Cette loi, approuvée le mois dernier par le parlement et critiquée par les groupes de défense des droits de l’homme, permet au président Duterte de nommer un conseil qui pourrait ordonner des arrestations sans mandat de personnes soupçonnées de terrorisme.

Elle ouvre aussi la voie à plusieurs semaines de détention sans accusation, une procédure jugée nécessaire par le gouvernement pour combattre les rébellions communiste et islamiste.

Cette promulgation « montre le sérieux de notre engagement pour éradiquer le terrorisme, qui accable depuis longtemps notre pays et cause des douleurs inimaginables à une grande partie de notre population », a commenté le porte-parole de M. Duterte, Harry Roque.

Mais ses opposants affirment que la définition du terrorisme dans la loi est vague et pourrait renforcer la campagne de Duterte contre eux. Certains d’entre eux sont déjà en prison ou en cours de jugement après avoir critiqué ses politiques, dont sa guerre contre la drogue qui a déjà tué des milliers de personnes.

« Sous la présidence de Duterte, même les critiques les plus modérés du gouvernement peuvent être qualifiés de terroristes », a estimé le directeur pour l’Asie d’Amnistie internationale Nicholas Bequelin. « Le gouvernement a effectivement mis au point une nouvelle arme pour estampiller et pourchasser toute personne perçue comme un ennemi de l’État ».

« Dans le climat actuel d’impunité, une loi aussi vague dans sa définition du “terrorisme” peut seulement aggraver les attaques contre les défenseurs des droits de l’homme », a-t-il ajouté.

La loi définit le terrorisme comme l’intention de blesser ou tuer, porter atteinte au gouvernement ou à la propriété privée ou utiliser des armes de destruction massive pour « diffuser un message de peur » ou intimider le gouvernement.
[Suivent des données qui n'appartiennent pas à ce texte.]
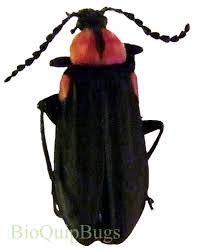 Attēlu rezultāti vaicājumam “Alleculidae”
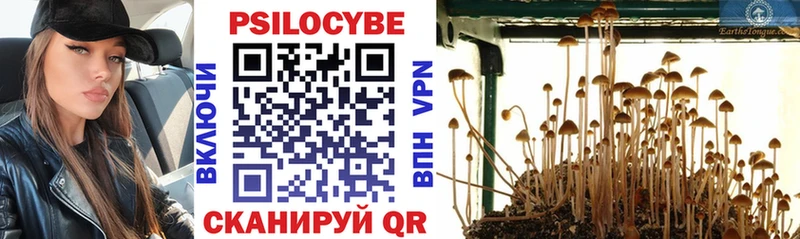 Псилоцибиновые грибы мухоморы  где продают наркотики  OMG ONION  Верхотурье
Les suspects pourraient être détenus jusqu’à 24 jours sans accusation, ce qui selon les opposants violerait la limite de trois jours fixée par la Constitution.

Avec cette loi, « le président Duterte a précipité la démocratie philippine dans un abysse », selon Phil Robertson, directeur-adjoint pour l’Asie de l’ONG Human Rights Watch. « La loi menace d’aggraver significativement la situation des droits de l’homme aux Philippines, qui s’est dégradée depuis le lancement de guerre contre les drogues il y a quatre ans ».

Selon un rapport publié le mois dernier par l’ONU, au moins 8663 personnes ont été tuées dans cette « guerre », avec une « quasi-impunité » pour les auteurs des crimes.